Master-worker library for coordinating computation among cluster workers through a shared file system.
This framework is developed primarily for coarse-grained distributed computing on a computer cluster. It can be used in any situation where workers have access to a shared file system.
A master process creates input files in a store
directory. Each input file corresponds to a unit of work to be processed by workers. For example, the input file could contain a number to be factorized.
A number of worker processes monitor the store
directory for available work. Once a worker identifies an available input file, it creates a lock file associated with the input file and attempts to lock it. If the lock is successfully acquired, the worker proceeds to process the input and save the results in the corresponding output file.
Once all the output files are available, the server can collect them and proceed to create a new set of input files for the workers.
Why communicate through the file system instead of the network?
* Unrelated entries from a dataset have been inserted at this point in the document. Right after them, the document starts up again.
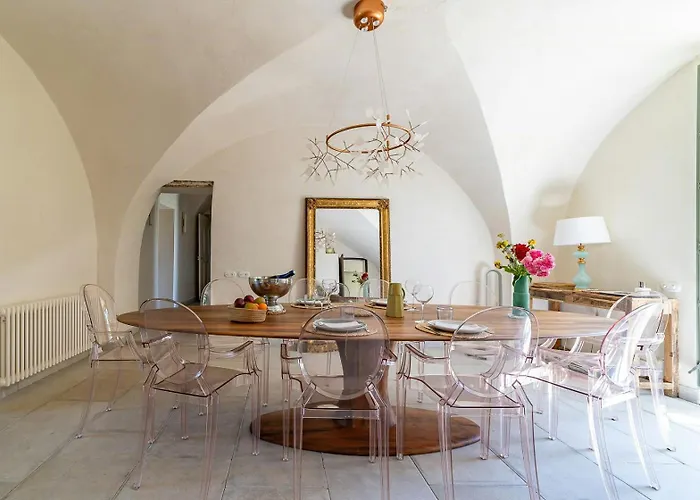Castle In A Private Camargue Estate * Vauvert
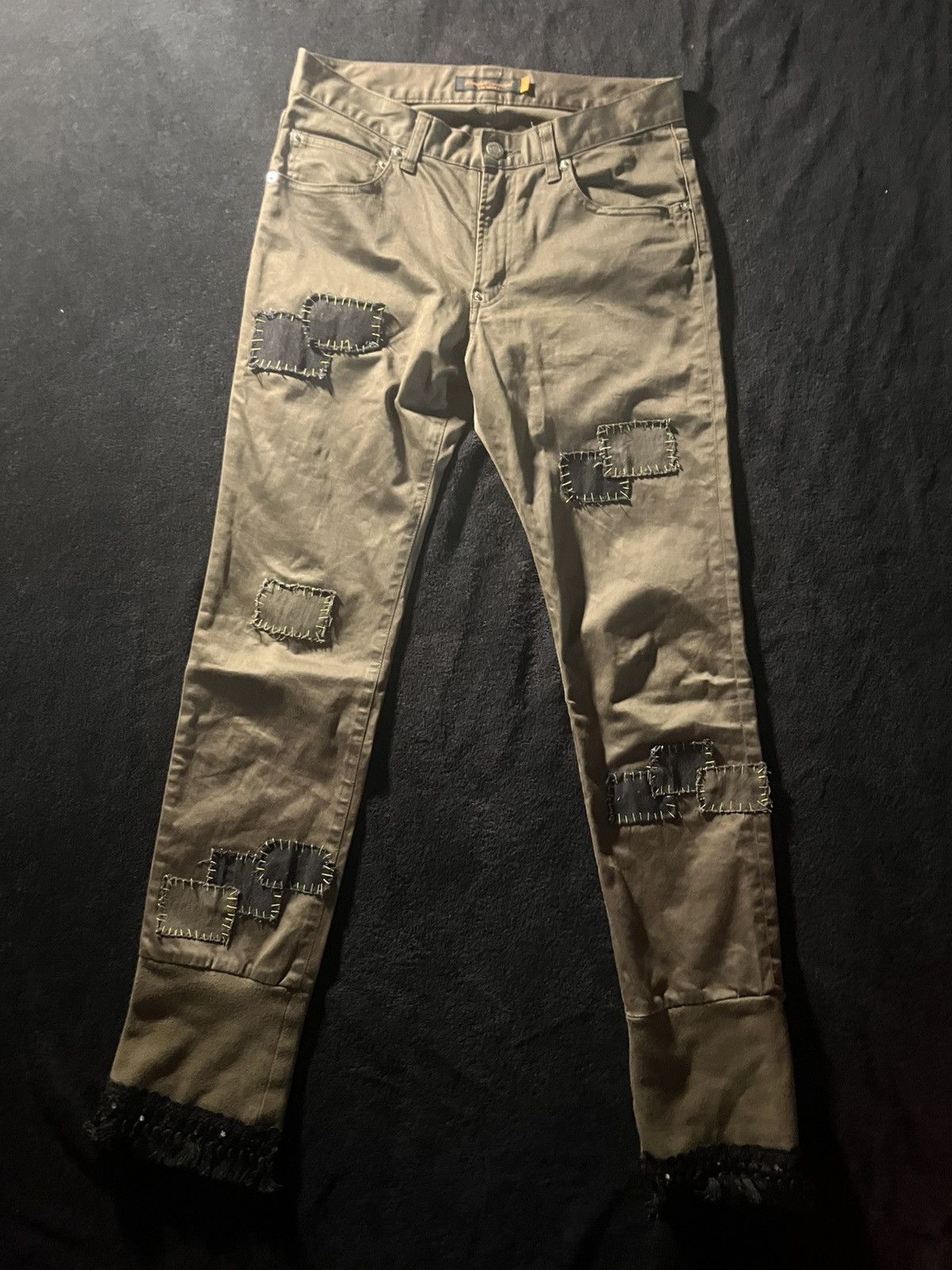Undercover AW01 
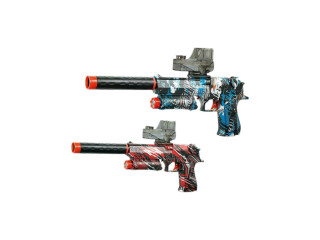 SUBMACHINE GUN SUBMACHINE GUN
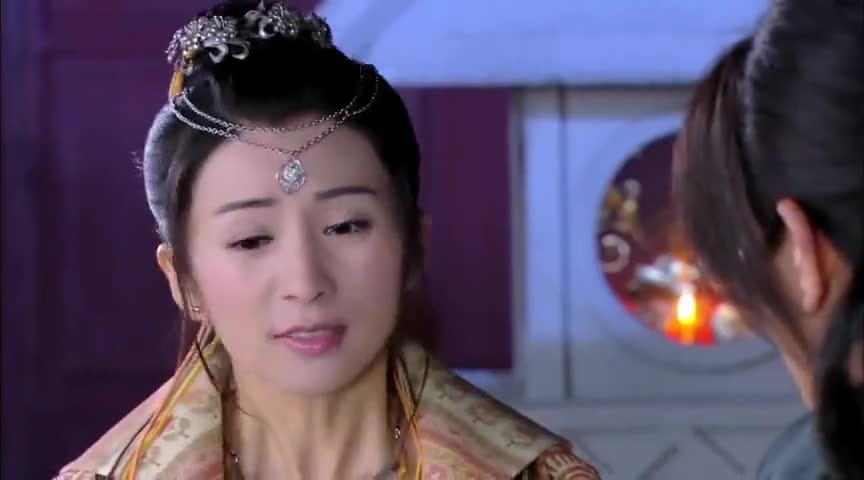 突然飞出个少年,绝世剑法震翻全场 为您推荐: 仙侠剑:昏迷中的何玉凤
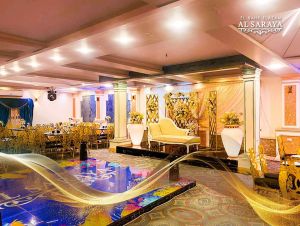 Royal Hall Club des Enseignants, Al-Bahr Al-A'zam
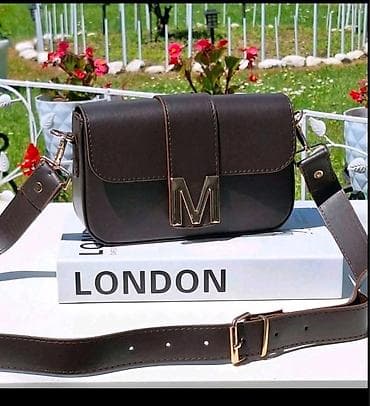 02. Mona torbice eko koza
21x12
3500 din✅✅ at lalafo.rs — 7 02. Mona torbice eko koza
21x12
3500 din✅✅ — 7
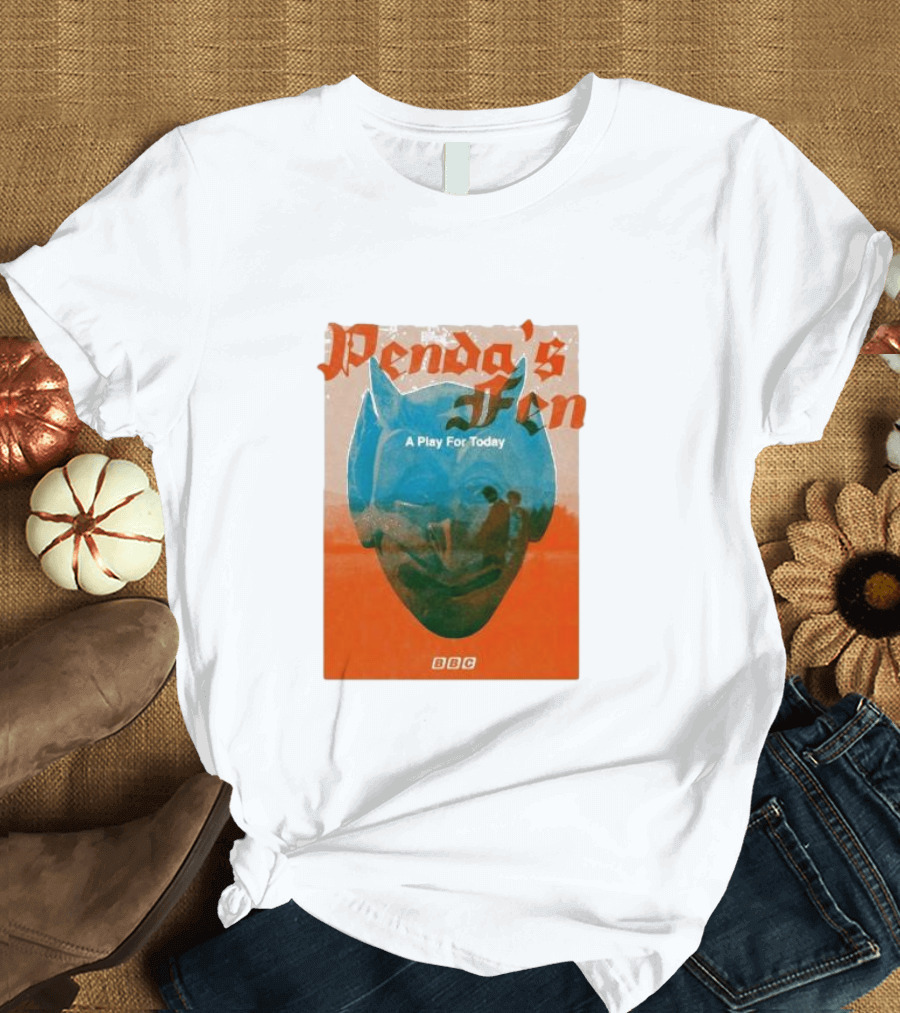 Penda's Fen A Play For Today BBC 1974 T-Shirt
It makes the process more transparent and easier to monitor and debug.
- Two-stage creation of input and output files to avoid collisions and corrupted files.
- Works on local and NFS-mounted file systems.
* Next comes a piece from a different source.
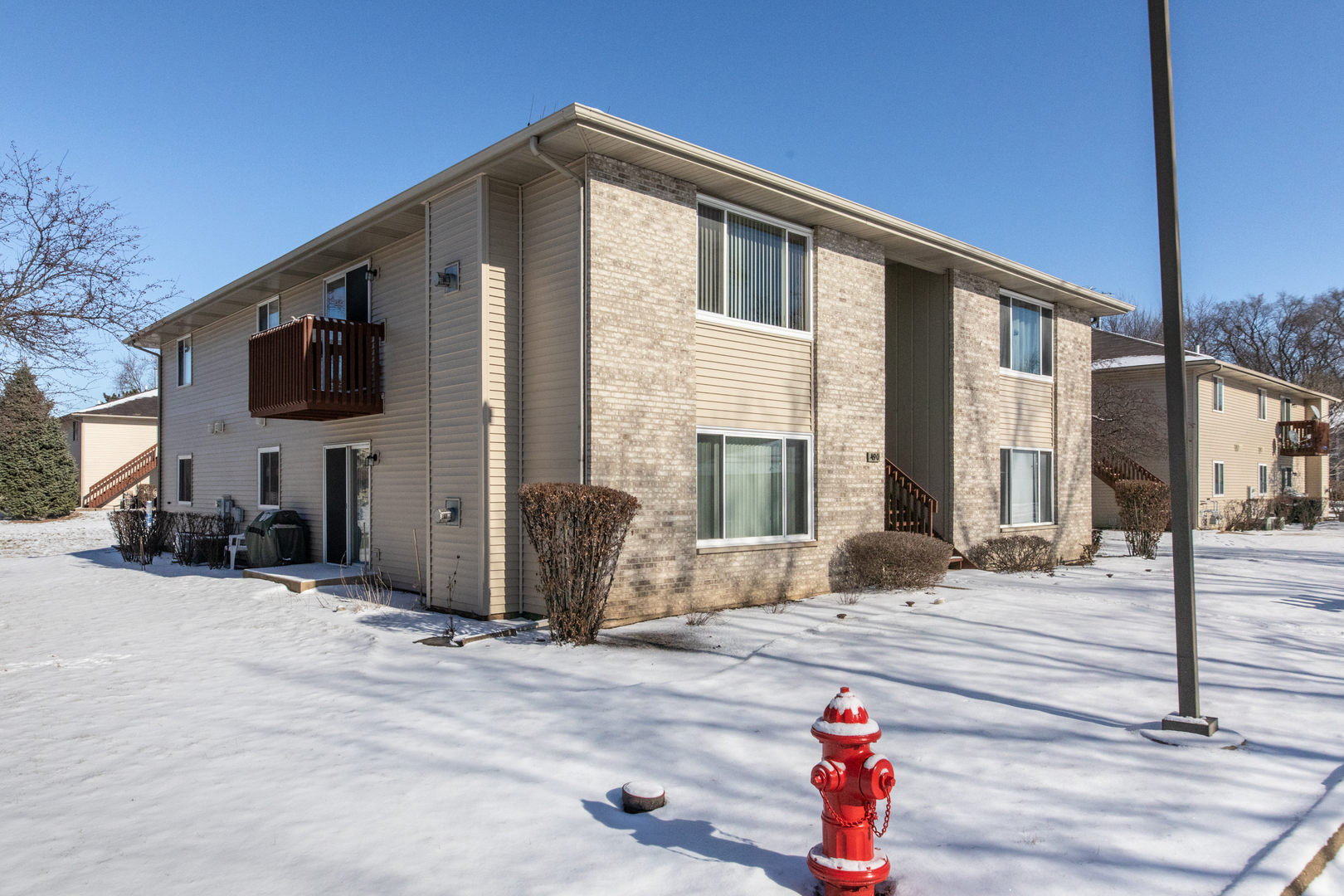 490 Westwood Court Unit: B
- Limit file system accesses to reduce the i/o load on a shared file system.
- Once a small fraction of the problems remain, the master process can delete older lock files to free up the problems for other workers. This is useful when a worker may exit abnormally without freeing up the lock file. It is also useful in clusters using slow and fast hardware alongside each other.
- Workers automatically exit after a certain amount of idle time, or after seeing a stop file created by the master.
python-gflags
Replace the body of master_create_input_files()
to create input files that are
appropriate for your application.
Replace the body of worker_process_file_real()
with code to process your input
file and create the appropriate output.
The included condor_submit.txt
script launches a master process and three worker processes. Launch the script using:
$ condor_submit condor_submit.txt